Within the entries below, the lines from the one with "Baby Swaddle Blanket" through the one with "Set of modern" are to be set down exactly, both ends kept.

[DATA RECORDS]
━━━━━━━━━━━━━━━━━━━━

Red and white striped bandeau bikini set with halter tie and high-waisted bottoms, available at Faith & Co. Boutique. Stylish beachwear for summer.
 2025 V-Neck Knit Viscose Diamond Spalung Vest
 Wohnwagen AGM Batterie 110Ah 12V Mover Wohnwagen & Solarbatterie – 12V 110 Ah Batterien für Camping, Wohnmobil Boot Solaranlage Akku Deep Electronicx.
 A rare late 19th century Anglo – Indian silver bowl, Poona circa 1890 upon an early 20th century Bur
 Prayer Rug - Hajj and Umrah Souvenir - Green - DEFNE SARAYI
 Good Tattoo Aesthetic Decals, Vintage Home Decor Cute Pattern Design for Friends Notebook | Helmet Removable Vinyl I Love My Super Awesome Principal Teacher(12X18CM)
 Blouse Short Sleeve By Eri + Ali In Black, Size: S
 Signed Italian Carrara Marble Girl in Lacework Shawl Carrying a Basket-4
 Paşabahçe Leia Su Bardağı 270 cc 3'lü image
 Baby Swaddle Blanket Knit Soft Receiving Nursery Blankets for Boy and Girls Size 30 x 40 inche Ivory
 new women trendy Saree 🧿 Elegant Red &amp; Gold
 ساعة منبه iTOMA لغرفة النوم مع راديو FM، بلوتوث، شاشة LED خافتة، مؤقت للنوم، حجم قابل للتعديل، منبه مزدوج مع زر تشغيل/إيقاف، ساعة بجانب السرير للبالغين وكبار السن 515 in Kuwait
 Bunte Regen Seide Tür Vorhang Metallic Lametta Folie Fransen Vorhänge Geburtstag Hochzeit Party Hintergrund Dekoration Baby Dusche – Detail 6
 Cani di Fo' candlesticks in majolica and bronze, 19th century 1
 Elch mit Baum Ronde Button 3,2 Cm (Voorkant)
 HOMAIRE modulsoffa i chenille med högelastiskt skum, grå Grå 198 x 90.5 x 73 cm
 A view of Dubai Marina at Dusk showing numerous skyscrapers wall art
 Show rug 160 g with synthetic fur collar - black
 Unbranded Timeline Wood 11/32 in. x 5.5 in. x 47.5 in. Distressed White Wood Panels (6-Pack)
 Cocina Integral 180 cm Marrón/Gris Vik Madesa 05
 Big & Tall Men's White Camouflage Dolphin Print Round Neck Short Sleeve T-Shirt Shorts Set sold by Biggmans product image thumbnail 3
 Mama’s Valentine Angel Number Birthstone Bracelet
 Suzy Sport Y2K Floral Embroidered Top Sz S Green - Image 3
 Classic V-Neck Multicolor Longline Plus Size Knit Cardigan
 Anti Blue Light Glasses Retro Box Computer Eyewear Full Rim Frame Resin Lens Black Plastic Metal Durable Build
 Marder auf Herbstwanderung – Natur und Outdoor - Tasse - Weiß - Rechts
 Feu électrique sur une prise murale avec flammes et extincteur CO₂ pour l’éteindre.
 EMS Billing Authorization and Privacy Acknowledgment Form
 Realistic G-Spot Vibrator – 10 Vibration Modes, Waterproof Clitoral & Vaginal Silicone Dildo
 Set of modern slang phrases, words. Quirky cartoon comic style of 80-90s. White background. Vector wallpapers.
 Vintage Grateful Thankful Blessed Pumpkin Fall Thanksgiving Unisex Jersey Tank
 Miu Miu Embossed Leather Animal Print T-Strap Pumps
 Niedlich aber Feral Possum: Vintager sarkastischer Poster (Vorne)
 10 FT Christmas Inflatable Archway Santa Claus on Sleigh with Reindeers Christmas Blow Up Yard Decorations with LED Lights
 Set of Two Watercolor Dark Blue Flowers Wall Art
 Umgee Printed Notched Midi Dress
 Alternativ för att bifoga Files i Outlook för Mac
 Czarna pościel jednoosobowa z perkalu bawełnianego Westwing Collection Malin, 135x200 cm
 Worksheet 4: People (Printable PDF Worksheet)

━━━━━━━━━━━━━━━━━━━━

[EXERCISE RESULT]
 Baby Swaddle Blanket Knit Soft Receiving Nursery Blankets for Boy and Girls Size 30 x 40 inche Ivory
 new women trendy Saree 🧿 Elegant Red &amp; Gold
 ساعة منبه iTOMA لغرفة النوم مع راديو FM، بلوتوث، شاشة LED خافتة، مؤقت للنوم، حجم قابل للتعديل، منبه مزدوج مع زر تشغيل/إيقاف، ساعة بجانب السرير للبالغين وكبار السن 515 in Kuwait
 Bunte Regen Seide Tür Vorhang Metallic Lametta Folie Fransen Vorhänge Geburtstag Hochzeit Party Hintergrund Dekoration Baby Dusche – Detail 6
 Cani di Fo' candlesticks in majolica and bronze, 19th century 1
 Elch mit Baum Ronde Button 3,2 Cm (Voorkant)
 HOMAIRE modulsoffa i chenille med högelastiskt skum, grå Grå 198 x 90.5 x 73 cm
 A view of Dubai Marina at Dusk showing numerous skyscrapers wall art
 Show rug 160 g with synthetic fur collar - black
 Unbranded Timeline Wood 11/32 in. x 5.5 in. x 47.5 in. Distressed White Wood Panels (6-Pack)
 Cocina Integral 180 cm Marrón/Gris Vik Madesa 05
 Big & Tall Men's White Camouflage Dolphin Print Round Neck Short Sleeve T-Shirt Shorts Set sold by Biggmans product image thumbnail 3
 Mama’s Valentine Angel Number Birthstone Bracelet
 Suzy Sport Y2K Floral Embroidered Top Sz S Green - Image 3
 Classic V-Neck Multicolor Longline Plus Size Knit Cardigan
 Anti Blue Light Glasses Retro Box Computer Eyewear Full Rim Frame Resin Lens Black Plastic Metal Durable Build
 Marder auf Herbstwanderung – Natur und Outdoor - Tasse - Weiß - Rechts
 Feu électrique sur une prise murale avec flammes et extincteur CO₂ pour l’éteindre.
 EMS Billing Authorization and Privacy Acknowledgment Form
 Realistic G-Spot Vibrator – 10 Vibration Modes, Waterproof Clitoral & Vaginal Silicone Dildo
 Set of modern slang phrases, words. Quirky cartoon comic style of 80-90s. White background. Vector wallpapers.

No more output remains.